I DROVE through Mytholmroyd after the flooding. Everywhere along the road the pavement was piled high with the ruined contents of people's houses. It was impossible not to feel for those whose lives had been so hugely disrupted.

The traffic was moving slowly and we had to be wary of the many people stood on corners and flitting across the road. These were the volunteers, mostly local, who had come to help out: wherever a task needed willing hands there were plenty on offer. In many places there were handwritten signs offering food and hot drinks to those who had been flooded and the volunteers.
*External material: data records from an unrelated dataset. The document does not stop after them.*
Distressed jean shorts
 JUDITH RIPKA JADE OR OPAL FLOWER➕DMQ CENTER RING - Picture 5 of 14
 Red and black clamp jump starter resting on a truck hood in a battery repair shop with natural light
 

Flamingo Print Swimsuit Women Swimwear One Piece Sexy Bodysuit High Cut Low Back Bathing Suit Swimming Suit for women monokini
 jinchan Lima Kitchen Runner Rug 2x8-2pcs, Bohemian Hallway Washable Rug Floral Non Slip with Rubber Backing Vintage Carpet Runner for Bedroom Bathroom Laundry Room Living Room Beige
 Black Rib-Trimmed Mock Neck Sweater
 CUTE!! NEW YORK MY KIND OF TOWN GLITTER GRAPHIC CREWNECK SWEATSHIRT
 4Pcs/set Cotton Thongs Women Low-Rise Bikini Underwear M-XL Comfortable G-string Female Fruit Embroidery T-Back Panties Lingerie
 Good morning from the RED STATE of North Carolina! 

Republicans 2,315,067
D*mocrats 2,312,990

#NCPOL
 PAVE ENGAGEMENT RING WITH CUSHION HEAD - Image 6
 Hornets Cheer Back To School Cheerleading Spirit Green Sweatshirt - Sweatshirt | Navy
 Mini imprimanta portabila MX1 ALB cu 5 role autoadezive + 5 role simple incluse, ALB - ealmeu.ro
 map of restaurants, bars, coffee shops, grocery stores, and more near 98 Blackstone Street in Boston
In nearby Hebden Bridge many shops had been flooded, nearly all small businesses including two that I know very well. A friend texted me to say that his heart went out particularly to them as he knew what it was like to lose a small business.Driving through I felt a little ashamed at not being able to help.

I watched a TV programme recently studying four year olds and seeing how they developed empathy: the ability to see yourself in someone else's place. It was easy to put myself in the position of those flooded in the Calder Valley, rather harder to feel so much for those affected by war and famine in far-flung corners of the world. But this is only really my lack of imagination - deep-down I know they are people like those in Mytholmroyd with feelings just like my own.

The parable of the Good Samaritan in the gospel is the reply to this same fundamental question: Who is my neighbour?